Grocery chain profits spiked 11% between 2021 and 2022; they’ve yet to come back down. Specifically, the FTC noted that “data indicates that one measure of annual profits for food and beverage retailers — the sum of money firms make over and above their total costs — rose substantially throughout the pandemic and remain quite elevated,” adding that “this profit trend casts doubt on assertions that rising prices on the food market are simply moving in lockstep with retailers’ own rising costs.”

Costco, for instance, saw its profit margins increase from 12.2% in 2022 to 12.3% in 2023, with a trailing 12-month reading of 12.5% into 2024, in line with Morningstar data. Since 2019, the corporate’s revenue has grown by greater than 66% while its net income (aka profit) increased nearly 96%.

And despite some firms continuing to point the finger at supply chains and labor costs, one store was recently forced to confess that it was price-gouging its customers. During Kroger’s antitrust trial in August, its senior director for pricing, Andy Groff, acknowledged that the grocery giant had raised its prices for certain food staples — like eggs and milk — after the FTC presented evidence of an internal email written by Groff stating “retail inflation has been significantly higher than cost inflation” for those items.

Kroger’s antitrust lawsuit is the results of its attempted acquisition of Albertsons, one other food retail giant. If the $24.6 billion acquisition is ultimately permitted, Kroger would operate 5,000 stores and 4,000 pharmacies with 700,000 employees across 48 states.

The final result can be a $50.08 billion market cap company that, in line with the FTC, would exacerbate anticompetitive practices.

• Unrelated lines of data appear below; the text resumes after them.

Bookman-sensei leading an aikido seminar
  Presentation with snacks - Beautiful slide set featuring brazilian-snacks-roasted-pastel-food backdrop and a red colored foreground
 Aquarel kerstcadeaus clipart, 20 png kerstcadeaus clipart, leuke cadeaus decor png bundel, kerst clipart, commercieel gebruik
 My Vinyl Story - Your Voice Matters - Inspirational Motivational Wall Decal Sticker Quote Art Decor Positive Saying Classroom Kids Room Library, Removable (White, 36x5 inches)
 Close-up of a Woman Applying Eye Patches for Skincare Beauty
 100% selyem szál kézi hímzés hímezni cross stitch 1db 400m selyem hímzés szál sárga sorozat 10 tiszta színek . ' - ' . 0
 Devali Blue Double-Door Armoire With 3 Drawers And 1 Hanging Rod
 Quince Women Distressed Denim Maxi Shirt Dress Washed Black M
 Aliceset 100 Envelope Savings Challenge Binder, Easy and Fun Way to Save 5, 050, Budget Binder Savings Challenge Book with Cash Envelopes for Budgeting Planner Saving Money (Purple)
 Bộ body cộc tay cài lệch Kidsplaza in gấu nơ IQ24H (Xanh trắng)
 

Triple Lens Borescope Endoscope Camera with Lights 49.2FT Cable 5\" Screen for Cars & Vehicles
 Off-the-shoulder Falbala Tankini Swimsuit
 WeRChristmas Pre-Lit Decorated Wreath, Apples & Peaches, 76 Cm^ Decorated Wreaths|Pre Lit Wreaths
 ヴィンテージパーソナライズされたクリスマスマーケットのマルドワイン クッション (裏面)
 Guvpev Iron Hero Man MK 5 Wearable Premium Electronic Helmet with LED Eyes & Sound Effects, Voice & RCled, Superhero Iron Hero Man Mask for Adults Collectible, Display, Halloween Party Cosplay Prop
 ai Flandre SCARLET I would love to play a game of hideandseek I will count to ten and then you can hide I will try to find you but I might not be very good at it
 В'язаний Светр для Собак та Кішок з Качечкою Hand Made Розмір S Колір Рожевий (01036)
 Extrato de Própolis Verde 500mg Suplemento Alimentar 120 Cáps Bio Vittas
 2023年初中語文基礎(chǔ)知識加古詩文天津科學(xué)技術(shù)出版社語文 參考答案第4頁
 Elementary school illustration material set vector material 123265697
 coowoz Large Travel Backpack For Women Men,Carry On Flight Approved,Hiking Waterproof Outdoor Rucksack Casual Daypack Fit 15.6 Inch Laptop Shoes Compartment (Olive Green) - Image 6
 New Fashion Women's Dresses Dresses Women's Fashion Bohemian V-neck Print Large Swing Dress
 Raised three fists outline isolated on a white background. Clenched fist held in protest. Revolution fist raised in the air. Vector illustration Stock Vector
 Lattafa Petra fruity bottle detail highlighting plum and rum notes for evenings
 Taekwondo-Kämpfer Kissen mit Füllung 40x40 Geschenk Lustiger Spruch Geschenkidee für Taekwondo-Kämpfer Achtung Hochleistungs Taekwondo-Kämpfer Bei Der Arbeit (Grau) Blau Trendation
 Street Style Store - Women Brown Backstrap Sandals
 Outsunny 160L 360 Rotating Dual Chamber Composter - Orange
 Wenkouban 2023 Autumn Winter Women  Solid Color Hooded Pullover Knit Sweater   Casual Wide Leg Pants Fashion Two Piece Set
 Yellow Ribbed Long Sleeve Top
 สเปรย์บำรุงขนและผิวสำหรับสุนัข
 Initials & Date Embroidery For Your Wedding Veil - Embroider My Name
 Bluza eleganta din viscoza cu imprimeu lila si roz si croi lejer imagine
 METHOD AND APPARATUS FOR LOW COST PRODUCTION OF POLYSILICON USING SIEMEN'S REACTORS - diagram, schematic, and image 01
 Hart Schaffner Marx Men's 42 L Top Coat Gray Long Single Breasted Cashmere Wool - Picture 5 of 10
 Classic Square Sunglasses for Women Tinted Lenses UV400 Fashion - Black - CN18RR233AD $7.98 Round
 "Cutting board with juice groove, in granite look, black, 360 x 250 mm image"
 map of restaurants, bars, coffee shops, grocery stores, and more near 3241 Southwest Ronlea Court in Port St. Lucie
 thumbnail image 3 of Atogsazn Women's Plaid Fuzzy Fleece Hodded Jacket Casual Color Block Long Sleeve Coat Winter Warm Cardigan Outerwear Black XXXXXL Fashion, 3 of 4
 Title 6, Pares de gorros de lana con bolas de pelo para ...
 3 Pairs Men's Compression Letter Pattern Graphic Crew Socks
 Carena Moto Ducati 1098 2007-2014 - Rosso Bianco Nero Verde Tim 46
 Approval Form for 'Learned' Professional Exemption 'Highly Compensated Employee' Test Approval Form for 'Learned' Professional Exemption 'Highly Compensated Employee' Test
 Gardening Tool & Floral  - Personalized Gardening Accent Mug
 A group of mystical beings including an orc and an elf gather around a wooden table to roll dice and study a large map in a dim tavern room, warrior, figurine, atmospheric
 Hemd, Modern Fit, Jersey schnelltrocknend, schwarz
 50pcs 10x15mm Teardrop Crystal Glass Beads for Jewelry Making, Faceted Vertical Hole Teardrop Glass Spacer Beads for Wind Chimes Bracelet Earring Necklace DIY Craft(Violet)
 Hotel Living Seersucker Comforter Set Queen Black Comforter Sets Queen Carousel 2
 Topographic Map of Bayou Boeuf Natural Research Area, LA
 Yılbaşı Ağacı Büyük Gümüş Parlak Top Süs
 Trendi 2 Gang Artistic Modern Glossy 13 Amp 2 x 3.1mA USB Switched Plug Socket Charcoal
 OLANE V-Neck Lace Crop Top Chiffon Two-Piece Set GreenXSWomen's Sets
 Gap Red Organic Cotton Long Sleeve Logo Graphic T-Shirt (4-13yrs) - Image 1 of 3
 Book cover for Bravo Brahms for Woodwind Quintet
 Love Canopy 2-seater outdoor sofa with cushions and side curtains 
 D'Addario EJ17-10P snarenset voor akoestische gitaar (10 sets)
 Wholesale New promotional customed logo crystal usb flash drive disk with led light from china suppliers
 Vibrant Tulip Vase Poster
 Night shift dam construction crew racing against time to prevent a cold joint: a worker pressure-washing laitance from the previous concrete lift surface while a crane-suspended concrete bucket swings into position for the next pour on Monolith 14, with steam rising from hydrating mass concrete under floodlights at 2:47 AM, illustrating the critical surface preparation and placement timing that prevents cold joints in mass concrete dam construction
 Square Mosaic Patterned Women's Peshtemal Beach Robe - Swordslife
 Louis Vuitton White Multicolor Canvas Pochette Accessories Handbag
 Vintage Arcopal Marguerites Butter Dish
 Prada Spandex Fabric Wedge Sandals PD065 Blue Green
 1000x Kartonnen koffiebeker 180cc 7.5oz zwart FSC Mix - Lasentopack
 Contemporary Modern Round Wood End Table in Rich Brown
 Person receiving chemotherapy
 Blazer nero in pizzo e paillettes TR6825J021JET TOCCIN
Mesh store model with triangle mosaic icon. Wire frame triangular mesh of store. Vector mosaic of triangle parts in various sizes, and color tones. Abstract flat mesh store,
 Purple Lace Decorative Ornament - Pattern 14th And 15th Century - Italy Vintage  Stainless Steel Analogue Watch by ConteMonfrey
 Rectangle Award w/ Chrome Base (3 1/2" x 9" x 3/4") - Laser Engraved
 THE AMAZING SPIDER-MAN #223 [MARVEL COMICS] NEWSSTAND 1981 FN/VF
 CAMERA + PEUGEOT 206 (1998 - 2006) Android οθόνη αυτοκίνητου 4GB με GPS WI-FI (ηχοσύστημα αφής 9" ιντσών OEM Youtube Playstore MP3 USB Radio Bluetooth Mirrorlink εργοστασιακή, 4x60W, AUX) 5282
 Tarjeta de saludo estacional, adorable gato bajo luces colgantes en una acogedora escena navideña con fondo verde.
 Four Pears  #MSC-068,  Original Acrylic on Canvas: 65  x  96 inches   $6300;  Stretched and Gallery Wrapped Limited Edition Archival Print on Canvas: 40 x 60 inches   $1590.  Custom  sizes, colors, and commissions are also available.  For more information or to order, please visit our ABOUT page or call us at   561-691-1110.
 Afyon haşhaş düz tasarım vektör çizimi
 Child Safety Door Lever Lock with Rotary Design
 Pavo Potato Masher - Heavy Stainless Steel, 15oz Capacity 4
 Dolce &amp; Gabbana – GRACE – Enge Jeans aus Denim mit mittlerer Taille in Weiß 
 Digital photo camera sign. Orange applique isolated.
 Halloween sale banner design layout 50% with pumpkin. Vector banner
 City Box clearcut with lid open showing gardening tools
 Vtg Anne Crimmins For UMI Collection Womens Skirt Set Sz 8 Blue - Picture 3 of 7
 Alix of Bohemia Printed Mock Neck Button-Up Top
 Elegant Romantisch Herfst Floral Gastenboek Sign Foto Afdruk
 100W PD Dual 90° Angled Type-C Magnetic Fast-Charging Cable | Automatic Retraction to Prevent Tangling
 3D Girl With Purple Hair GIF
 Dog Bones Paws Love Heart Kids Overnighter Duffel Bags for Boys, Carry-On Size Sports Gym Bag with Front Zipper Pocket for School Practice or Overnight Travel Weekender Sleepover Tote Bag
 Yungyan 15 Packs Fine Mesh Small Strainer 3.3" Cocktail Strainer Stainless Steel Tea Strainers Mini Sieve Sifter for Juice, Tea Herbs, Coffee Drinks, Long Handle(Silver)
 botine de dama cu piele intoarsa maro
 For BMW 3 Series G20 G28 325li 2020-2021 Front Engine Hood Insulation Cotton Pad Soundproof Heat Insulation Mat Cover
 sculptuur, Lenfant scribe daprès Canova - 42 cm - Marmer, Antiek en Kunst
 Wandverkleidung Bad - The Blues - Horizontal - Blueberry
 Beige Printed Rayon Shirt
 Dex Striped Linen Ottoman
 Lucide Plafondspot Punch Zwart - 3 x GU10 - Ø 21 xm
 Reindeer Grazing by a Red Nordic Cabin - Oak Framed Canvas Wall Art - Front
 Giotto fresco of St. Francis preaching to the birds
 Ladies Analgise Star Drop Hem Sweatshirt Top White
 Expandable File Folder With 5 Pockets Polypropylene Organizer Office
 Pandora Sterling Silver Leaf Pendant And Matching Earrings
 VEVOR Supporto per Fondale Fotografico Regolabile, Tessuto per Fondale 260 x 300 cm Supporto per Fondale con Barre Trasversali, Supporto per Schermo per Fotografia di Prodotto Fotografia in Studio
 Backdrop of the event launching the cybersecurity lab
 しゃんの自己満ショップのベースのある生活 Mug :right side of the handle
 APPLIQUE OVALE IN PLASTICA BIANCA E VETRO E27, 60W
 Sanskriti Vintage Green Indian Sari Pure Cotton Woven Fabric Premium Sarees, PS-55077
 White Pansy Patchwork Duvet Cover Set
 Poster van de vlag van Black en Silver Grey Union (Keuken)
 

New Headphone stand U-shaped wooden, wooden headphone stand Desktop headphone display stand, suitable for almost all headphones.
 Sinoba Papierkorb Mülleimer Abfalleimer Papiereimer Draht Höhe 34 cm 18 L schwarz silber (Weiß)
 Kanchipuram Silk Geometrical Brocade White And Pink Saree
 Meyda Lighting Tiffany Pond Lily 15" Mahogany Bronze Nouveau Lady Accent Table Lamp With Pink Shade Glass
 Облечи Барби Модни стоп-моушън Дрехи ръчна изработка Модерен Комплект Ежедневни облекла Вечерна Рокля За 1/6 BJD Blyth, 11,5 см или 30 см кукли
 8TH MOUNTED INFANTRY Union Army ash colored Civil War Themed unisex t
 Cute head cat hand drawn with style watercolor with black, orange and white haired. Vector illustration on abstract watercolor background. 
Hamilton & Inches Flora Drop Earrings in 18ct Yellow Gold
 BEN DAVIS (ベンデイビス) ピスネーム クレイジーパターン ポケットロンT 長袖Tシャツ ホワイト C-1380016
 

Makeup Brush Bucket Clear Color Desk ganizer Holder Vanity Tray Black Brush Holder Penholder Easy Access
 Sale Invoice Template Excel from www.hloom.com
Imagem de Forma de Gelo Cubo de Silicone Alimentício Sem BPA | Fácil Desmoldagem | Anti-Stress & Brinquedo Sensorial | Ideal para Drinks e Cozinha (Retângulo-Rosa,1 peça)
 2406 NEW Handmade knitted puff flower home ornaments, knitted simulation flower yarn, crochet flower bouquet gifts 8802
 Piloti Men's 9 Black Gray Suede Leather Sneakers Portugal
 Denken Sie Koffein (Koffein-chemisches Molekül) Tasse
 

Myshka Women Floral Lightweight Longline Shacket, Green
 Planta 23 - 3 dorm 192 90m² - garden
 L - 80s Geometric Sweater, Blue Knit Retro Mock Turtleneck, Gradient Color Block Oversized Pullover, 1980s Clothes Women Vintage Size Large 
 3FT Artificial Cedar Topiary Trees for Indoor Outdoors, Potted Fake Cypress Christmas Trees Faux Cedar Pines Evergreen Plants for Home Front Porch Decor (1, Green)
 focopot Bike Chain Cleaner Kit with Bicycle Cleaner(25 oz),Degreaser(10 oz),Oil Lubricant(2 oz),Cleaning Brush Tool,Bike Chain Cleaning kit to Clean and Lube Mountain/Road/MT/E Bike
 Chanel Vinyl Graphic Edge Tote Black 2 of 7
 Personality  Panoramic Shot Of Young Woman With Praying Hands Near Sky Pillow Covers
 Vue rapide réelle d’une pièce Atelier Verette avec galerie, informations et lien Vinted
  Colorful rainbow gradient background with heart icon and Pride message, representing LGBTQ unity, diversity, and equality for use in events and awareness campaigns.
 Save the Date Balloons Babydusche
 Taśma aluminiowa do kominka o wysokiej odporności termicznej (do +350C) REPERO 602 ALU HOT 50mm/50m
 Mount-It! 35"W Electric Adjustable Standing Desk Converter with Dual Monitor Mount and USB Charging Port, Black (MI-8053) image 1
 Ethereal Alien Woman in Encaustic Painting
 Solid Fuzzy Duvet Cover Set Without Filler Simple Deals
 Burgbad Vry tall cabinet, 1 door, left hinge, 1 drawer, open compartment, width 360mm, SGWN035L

The FTC says executives from the 2 firms have admitted that they’d now not need to “aggressively compete for purchasers by lowering prices and for workers by providing higher pay and advantages across the country” and have conceded that the planned acquisition is anticompetitive, with one executive allegedly having stated that “you’re principally making a monopoly in grocery with the merger.”

Grocery chain stocks proceed to surge

Between the run-up in prices for food staples and record-high revenues for retailers, it’s no surprise that the stocks of firms operating in that sector aren’t only performing well but in some cases outperforming the market. Over the past five years, the S&P 500 has gained nearly 86% largely on the back of the Magnificent Seven, a gaggle of tech firms whose massive market caps have an outsized impact on the benchmark index.

For comparison, shares of Ingles, a supermarket chain within the Southeast, have gained greater than 84% over the past five years. Walmart — America’s largest grocer — has seen its stock rise 102% since 2019. In the course of the same period, Kroger’s stock has gained greater than 117% and shares of Costco are up over 190%.

The winner, by far, is Arizona-based Sprouts, which has seen its stock increase by an astounding 445% over the identical timeframe.

In response to Grand View Research, the grocery retail market within the U.S. is anticipated to expand at a compound annual growth rate (CAGR) of three.2% from 2024 to 2030. Nonetheless, with food firms now openly admitting to anticompetitive practices and price-gouging, each of which can proceed to fortify record profits, their stocks could proceed to markedly outperform the general grocery retail industry’s CAGR.